Re: [Disposition of Comments] Working Draft, 30 January 2014 from Detlev Fischer on 2014-03-16 (public-wai-evaltf@w3.org from March 2014)

From: Detlev Fischer <detlev.fischer@testkreis.de>
Date: Sun, 16 Mar 2014 15:23:27 +0100
To: Shadi Abou-Zahra <shadi@w3.org>
Cc: Eval TF <public-wai-evaltf@w3.org>
Message-Id: <B64AE178-CD1F-4C59-9907-9E777B25A7EF@testkreis.de>
Hi group,

I went through the latest dispositon of comments (DoC):
- http://www.w3.org/WAI/ER/conformance/comments-20140130
Here are my thoughts in general, and then my takes on to the questions listed by Shadi.

Most suggestions in the DoC look quite sensible, many can be implemented and will improve the text. The elephant in the room (as I see it) is still the complete and utter absence in WCAG-EM of any specific instructions as to *how to test* the sampled web content, but this is just the result of the strategic decision to refer to the WCAG Techniques and not bother beyond that how evaluators will check and arrive at pass/fail judgements. 

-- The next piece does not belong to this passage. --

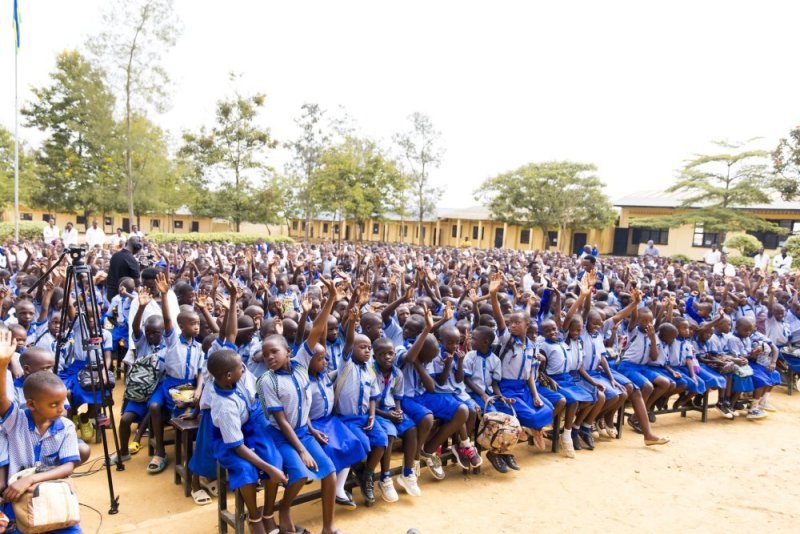 Abana barenga ibihumbi 71 basubijwe mu ishuri mu myaka ibiri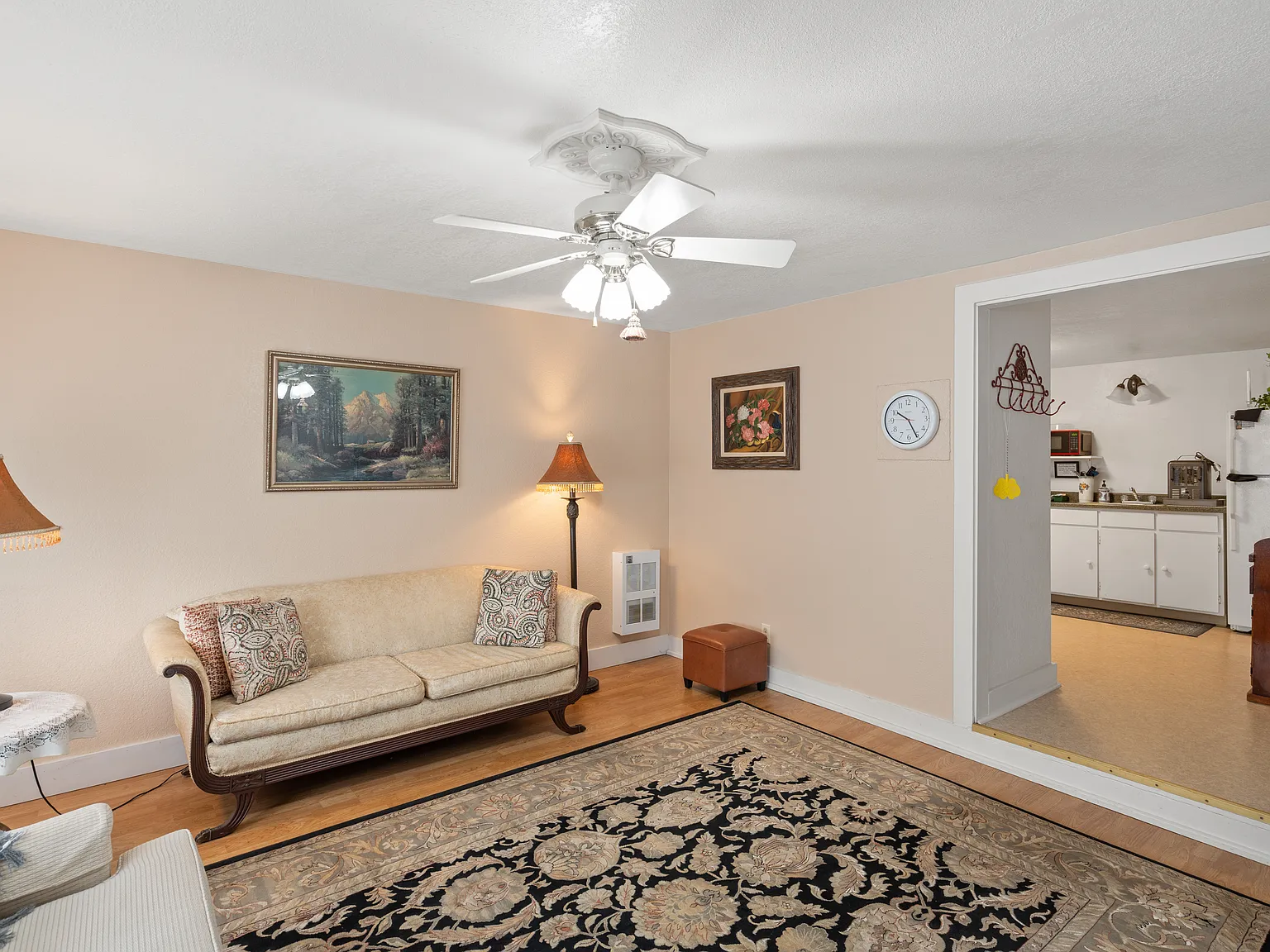 1 bed, 650 sqft, $1,050 — Photo 2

Marijke von Grafhorst has made a point which we at BITV-Test, having carried out hundreds of web site evaluations, cannot underline too strongly: 

   "A year of practice showed that it is impossible to get a 100% result, so this 
   methodology requires something that can't be realized." (ID 47)

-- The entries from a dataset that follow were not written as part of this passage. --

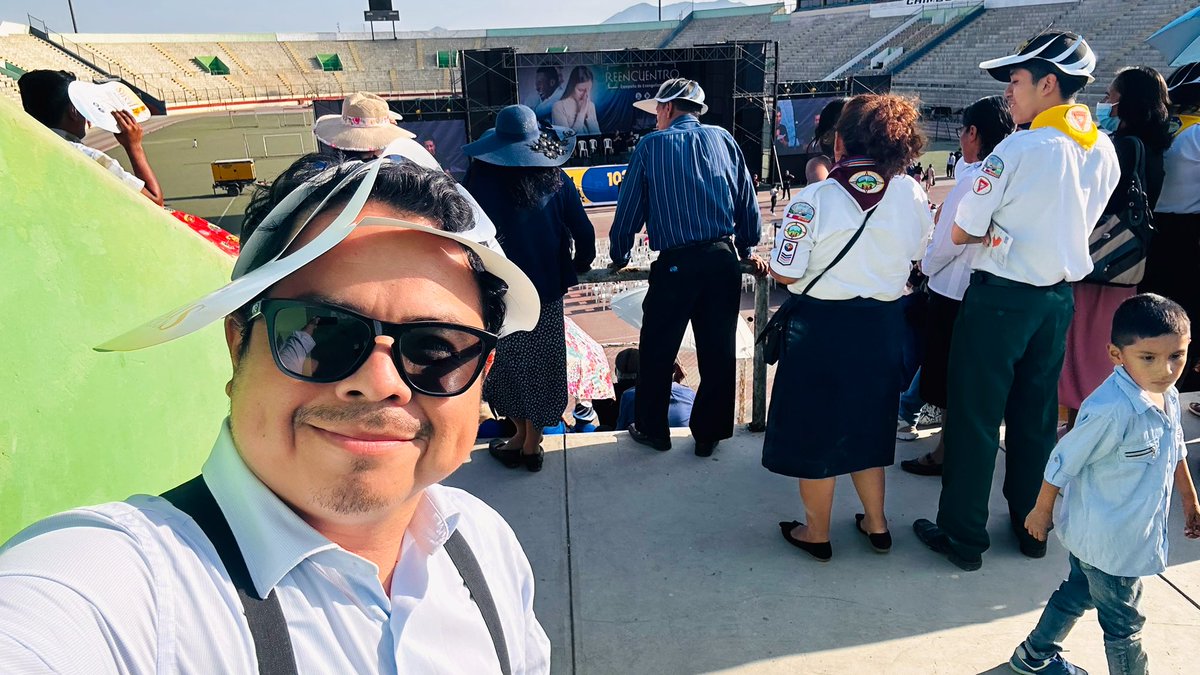 valentinosm's tweet photo. #TwitTeo Estoy participando de la #Clausura de la Semana de Evangelismo #Reencuentro en el estadio Centenario de #Chimbote Manuel Rivera Sanchez. Hay fiesta en el cielo por estas 722 vidas transformadas. ¡Gloria a Dios! https://t.co/pdO2MYcCps
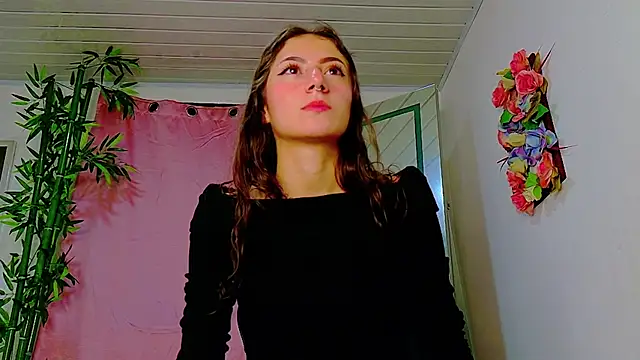 Snapshot of scarlet-jonesx chatting on 05-15-26, 11:34 scarlet-jonesx online show from 05-15-26, 11:34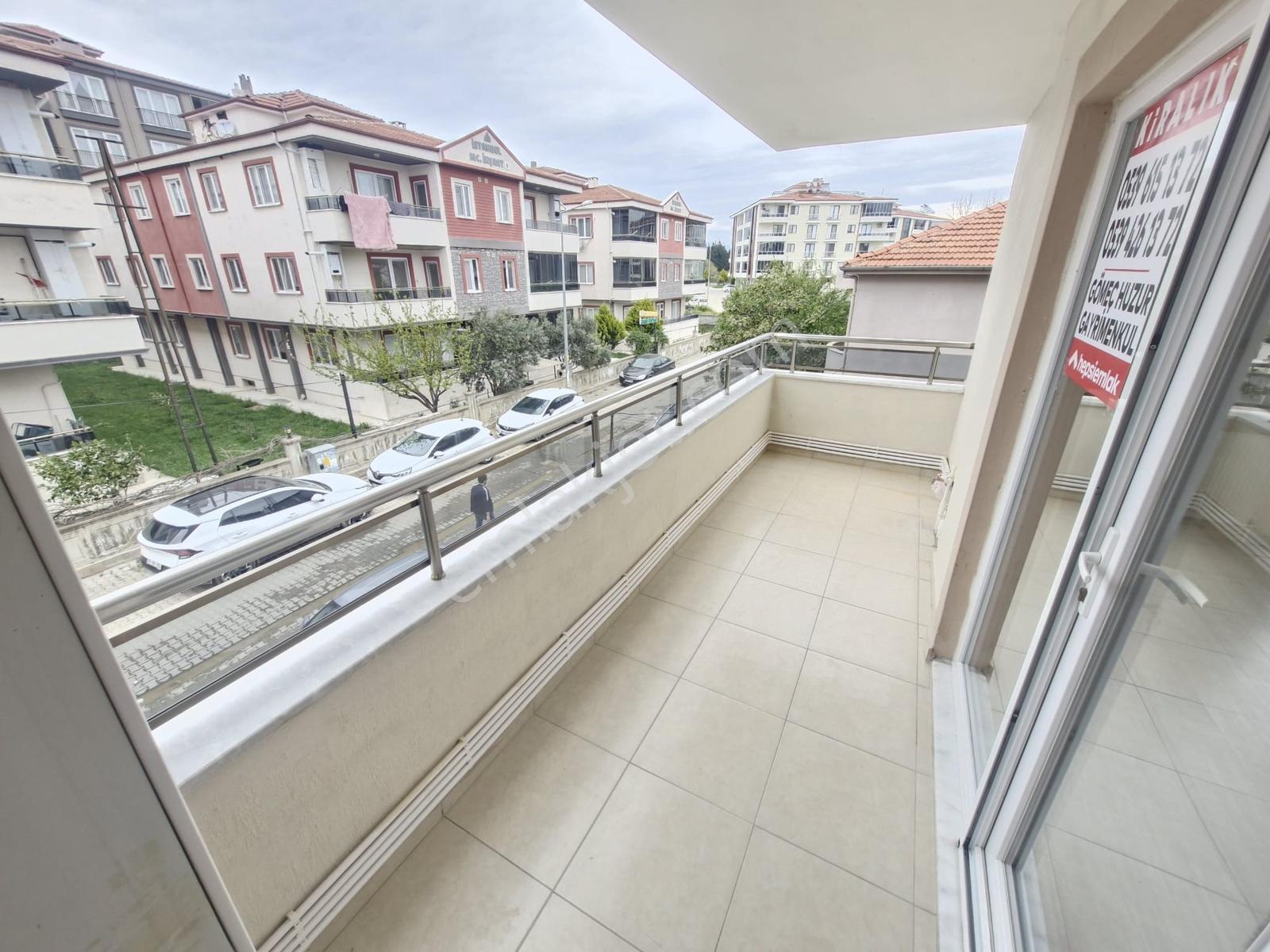 Kemalpaşa Hastane Bölgesinde Ön Cephe Arakat 3+1 Kiralık Daire - Görsel 2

I would actually put that somewhat differently: it is indeed possible to design a 100% pass site but this creature is *very* rare in the web out there. The 'margin of error' that Marijke asks for is, as we have seen in countless discussions, anathema for the purists among us who fear that accepting marginal errors is fraught with problems: that it carries too much subjective judgement, that it is the thin end of a wedge in that it will communicate to site owners that they may be free to neglect some aspects and still get away with it, etc, etc. All this is true, of course, but the perennial issue remains that faced with generally good but less than perfect content, the evaluator has to make a decision whether to call it a pass (allowing for a margin of error without being explicit about it) or, judging strictly, call it a fail (often leading to the problem also noted by Marijke in ID 59 that "it is possible to get a lower score with a more accessible website, because the Success Criteria that are not met are less essential").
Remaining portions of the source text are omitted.